At the end of the day, as a DBA, you’re responsible for your SLAs, RTOs, and RPOs. A big part of that is ensuring the right backup strategy. Leaving it to your Windows or backup guys could be a potenital excellent career limiting move.
Question 2: Isn’t SQL Server failvoer clustering the same as Oracle RAC?
No, no, a thousand times no. While maybe not a dumb question, it’s the one I hear the most in clustering discussions/talks and it’s clear people don’t do their homework and are making some pretty big assumptions. SQL Server’s failover clustering is built on top of Windows failover clustering. A single server (node) can own a given clustered instance’s resources at a single time. Shared disk is the single point of failure. Scale up is how you would get scalability.
RAC allows you to scale processing, but you still have one copy of the data on disk – single point of failure, and if you have an underpowered storage solution, I don’t care how many processing servers you have – you’re not going to scale if your I/O sucks. Plus, while I know it works, the lock manager Oracle has coded is a complex piece of technology.
Both solutions are not going to necessarily be straightforward to implement. Microsoft has made clustering a lot easier over the years.
At the end of the day – both are valid approaches and are proven technologies.
Question 3: Can’t SQL Server have zero downtime and no data loss?
To achieve zero downtime, if you never patch SQL Server or any other components (including Windows) and never have anything unexpected happen, sure – you can have no interruption in service. Outside of that, no way. Someone recently tweeted they need a maximum of 8 seconds of downtime. That is darn near, if not, impossible. You have to be realistic about your tolerances and what is actually achievable. With the best processes and technologies, you’re looking at anywhere from 30 seconds to a few minutes in a best case scenario.

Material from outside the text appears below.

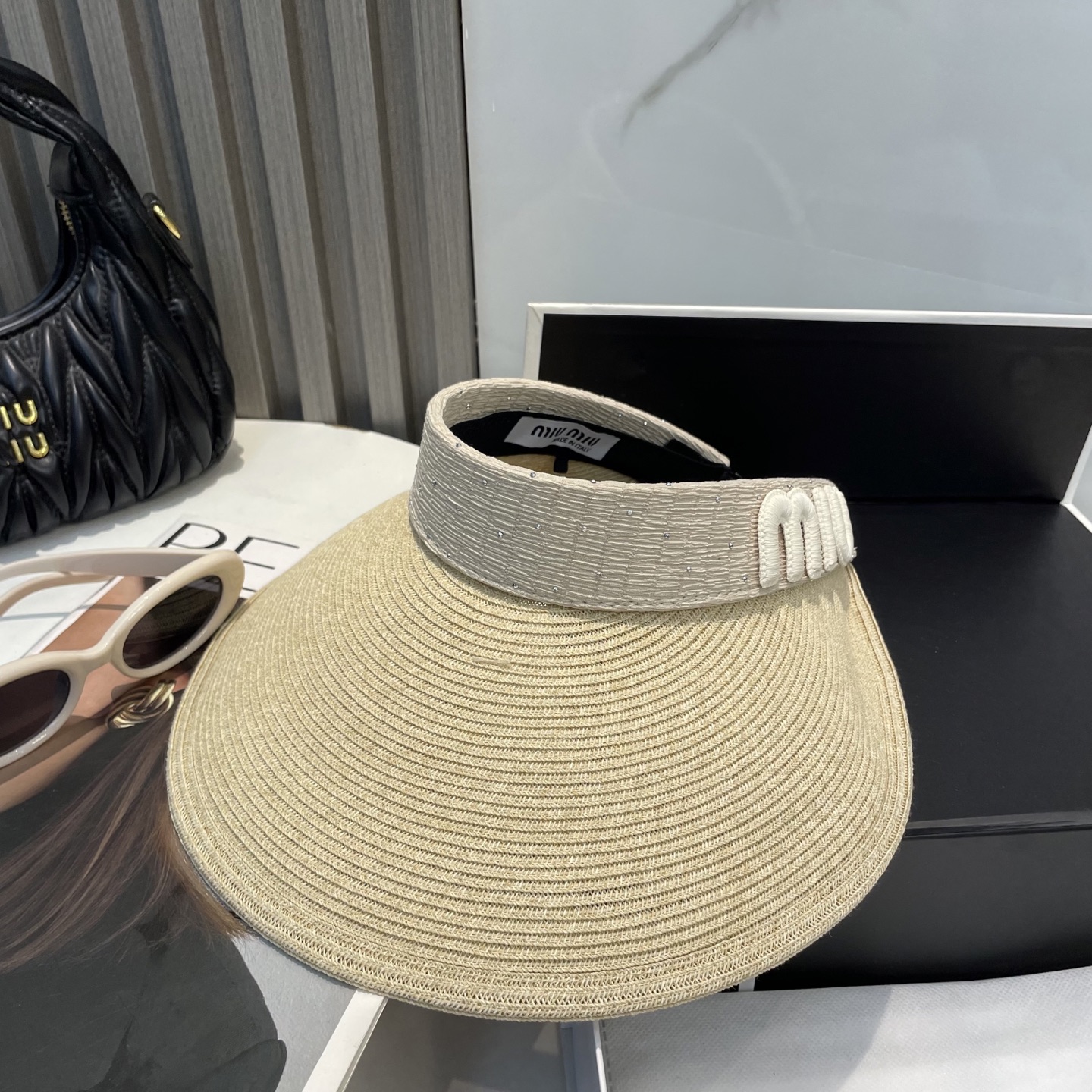  配防尘袋 miumiu缪缪
空顶帽，夏天必备单品，因为真的太好搭，夏天搭配清凉夏日风情真的超级文艺范～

As for data loss, it’s going to be an “it depends”. If you’re using some kind of synchronous method (i.e. high safety database mirroring), you won’t have data loss for that database since it must be on the mirror as well. But there are complexities – how in your application can you tell where you are at data wise? What happens if your application uses multiple databases – how will you keep them in sync and then tell where they are at data wise?
Failover clustering will always be consistent to the point of failover because the stop and the start means that anything that is incomplete won’t be written will be rolled back due to the recovery process, but you need to account for figuring this out in your application.